Assignment.
Every entry below is to be copied exactly, apart from any picture it holds.

◆ ◆ ◆ ◆ ◆ ◆ ◆

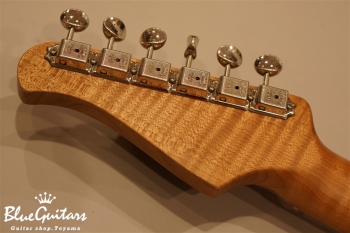 XSC-2 - 2 Tone Sunburst / Medium Aged #169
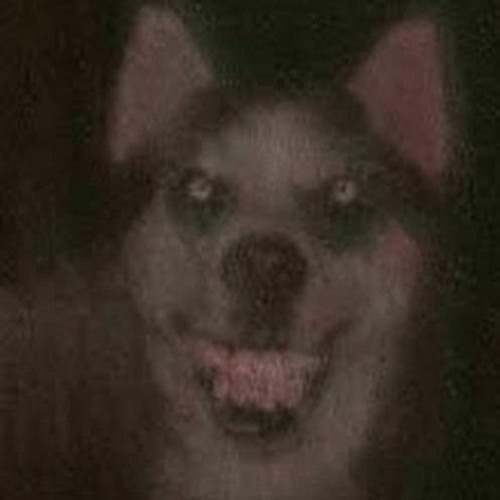 notlieu - maybe i'll feel better next year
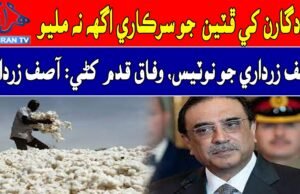 Former President Asif Zardari took notice of Cotton Price || Mehran TV News || 2023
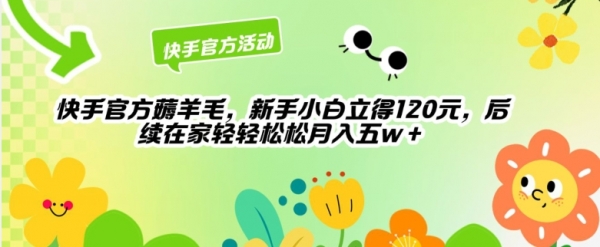 快手官方薅羊毛新手小白立得120元，后续在家轻轻松松5w - 163资源网-163资源网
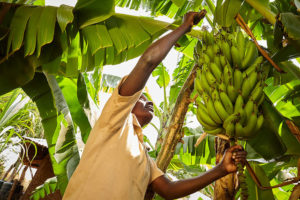 Banana Farmer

◆ ◆ ◆ ◆ ◆ ◆ ◆

Solution to this task.
 XSC-2 - 2 Tone Sunburst / Medium Aged #169
 notlieu - maybe i'll feel better next year
 Former President Asif Zardari took notice of Cotton Price || Mehran TV News || 2023
 快手官方薅羊毛新手小白立得120元，后续在家轻轻松松5w - 163资源网-163资源网
 Banana Farmer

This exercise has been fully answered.